* _The data_
* * * * * * *

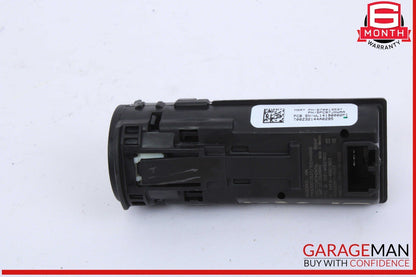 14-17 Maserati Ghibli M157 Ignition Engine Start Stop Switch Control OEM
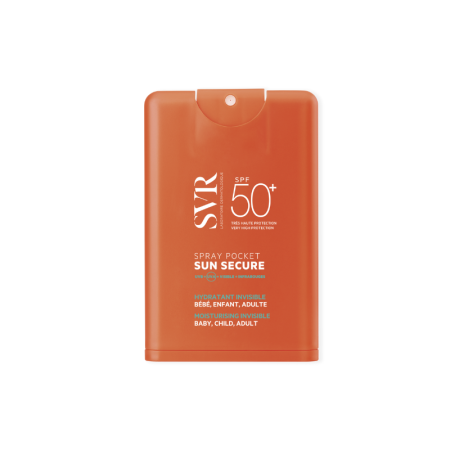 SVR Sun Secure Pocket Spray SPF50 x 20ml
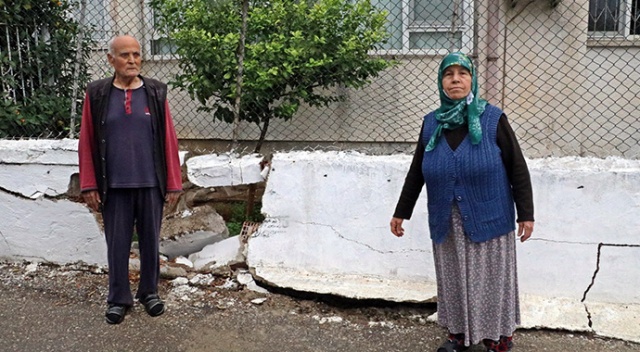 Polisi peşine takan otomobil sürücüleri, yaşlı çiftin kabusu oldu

* * * * * * *

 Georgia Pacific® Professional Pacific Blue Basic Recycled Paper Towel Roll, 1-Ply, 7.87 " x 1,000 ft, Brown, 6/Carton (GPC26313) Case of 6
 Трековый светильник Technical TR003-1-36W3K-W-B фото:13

* * * * * * *

* _Problem_
In the data above, retype exactly and only the lines between the one holding "Georgia Pacific® Professional" and the one holding "Трековый светильник Technical", inclusive.

* _Response_
 Georgia Pacific® Professional Pacific Blue Basic Recycled Paper Towel Roll, 1-Ply, 7.87 " x 1,000 ft, Brown, 6/Carton (GPC26313) Case of 6
 Трековый светильник Technical TR003-1-36W3K-W-B фото:13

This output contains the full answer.